Some breast cancers are not aggressive, and are unlikely to come back once they have been treated. Many patients with nonaggressive breast cancers can avoid the potentially serious side effects of chemotherapy, and still have excellent outcomes.
Each breast cancer has a particular molecular profile that can help determine how the cancer is treated. Genomic tests identify the molecular subtype and thus guide which type of treatment will be most effective.
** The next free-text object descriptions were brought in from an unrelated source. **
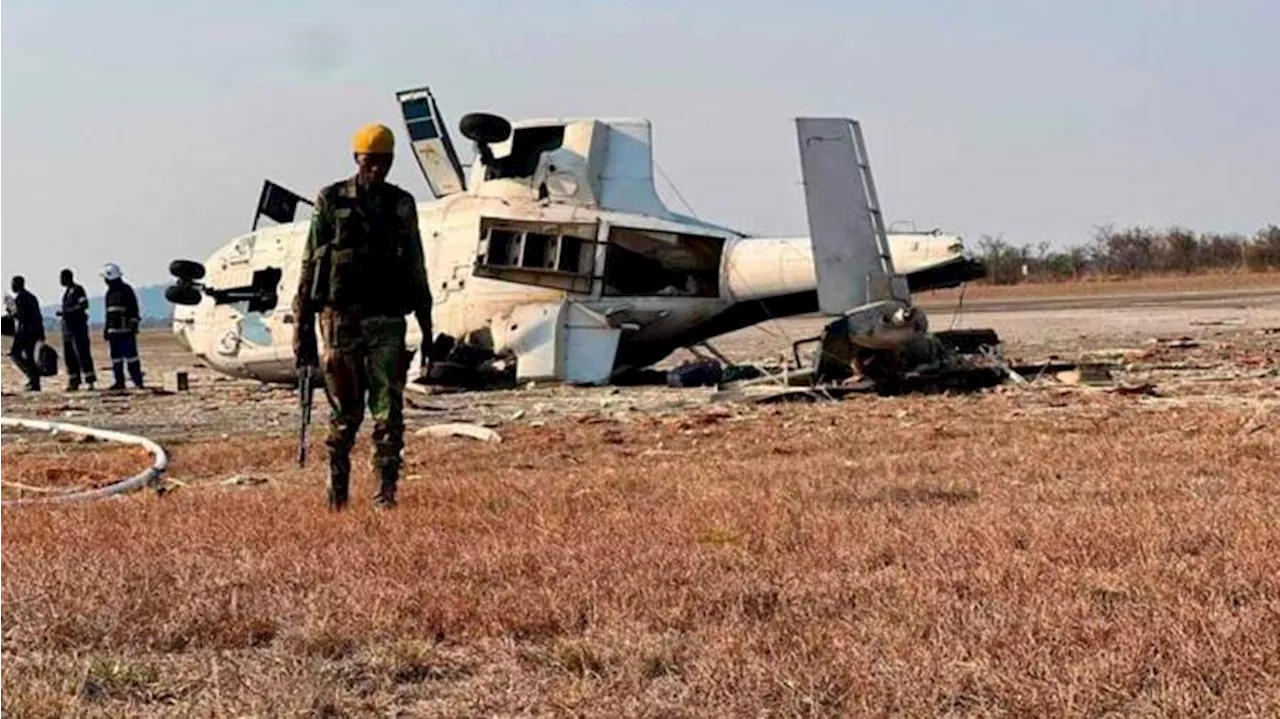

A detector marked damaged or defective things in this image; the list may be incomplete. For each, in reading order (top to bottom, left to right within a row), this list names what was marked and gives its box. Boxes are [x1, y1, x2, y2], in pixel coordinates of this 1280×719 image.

crashed white helicopter [165, 87, 996, 390]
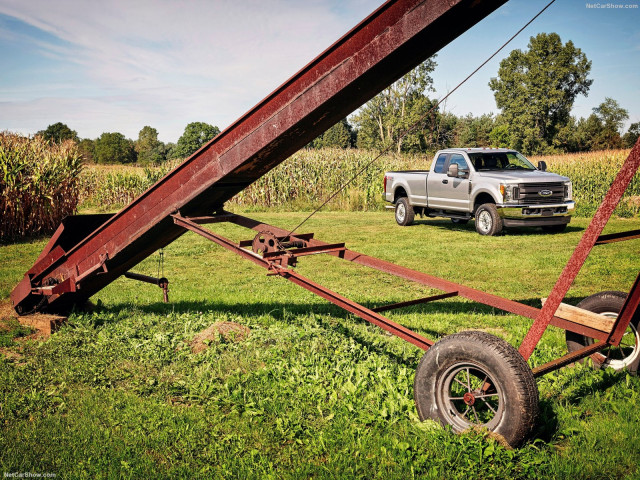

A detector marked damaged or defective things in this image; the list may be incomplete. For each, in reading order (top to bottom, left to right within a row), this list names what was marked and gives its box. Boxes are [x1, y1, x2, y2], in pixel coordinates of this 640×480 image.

rusted metal surface [12, 0, 508, 316]
rusty steel beam [12, 0, 508, 316]
rusted metal surface [520, 141, 640, 362]
rusty steel beam [520, 141, 640, 362]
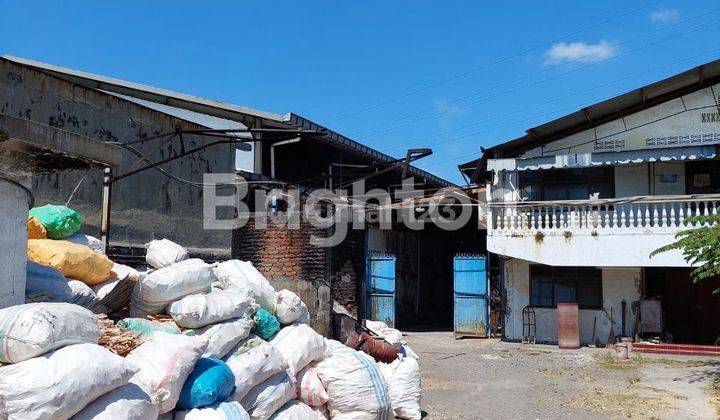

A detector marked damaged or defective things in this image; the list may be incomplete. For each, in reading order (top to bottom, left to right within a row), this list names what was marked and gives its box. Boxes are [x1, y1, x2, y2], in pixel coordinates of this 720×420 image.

broken bricks on ground [0, 204, 422, 420]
There are currently four generally recognized molecular subtypes of breast cancer:
1) Luminal A
2) Luminal B
3) Basal (also called triple-negative)
4) HER2 (also called ERBB2)
Each molecular subtype behaves differently, and this often guides treatment plans. It’s best to get tests like MammaPrint and BluePrint performed, so that you and your doctor can make the best treatment decisions.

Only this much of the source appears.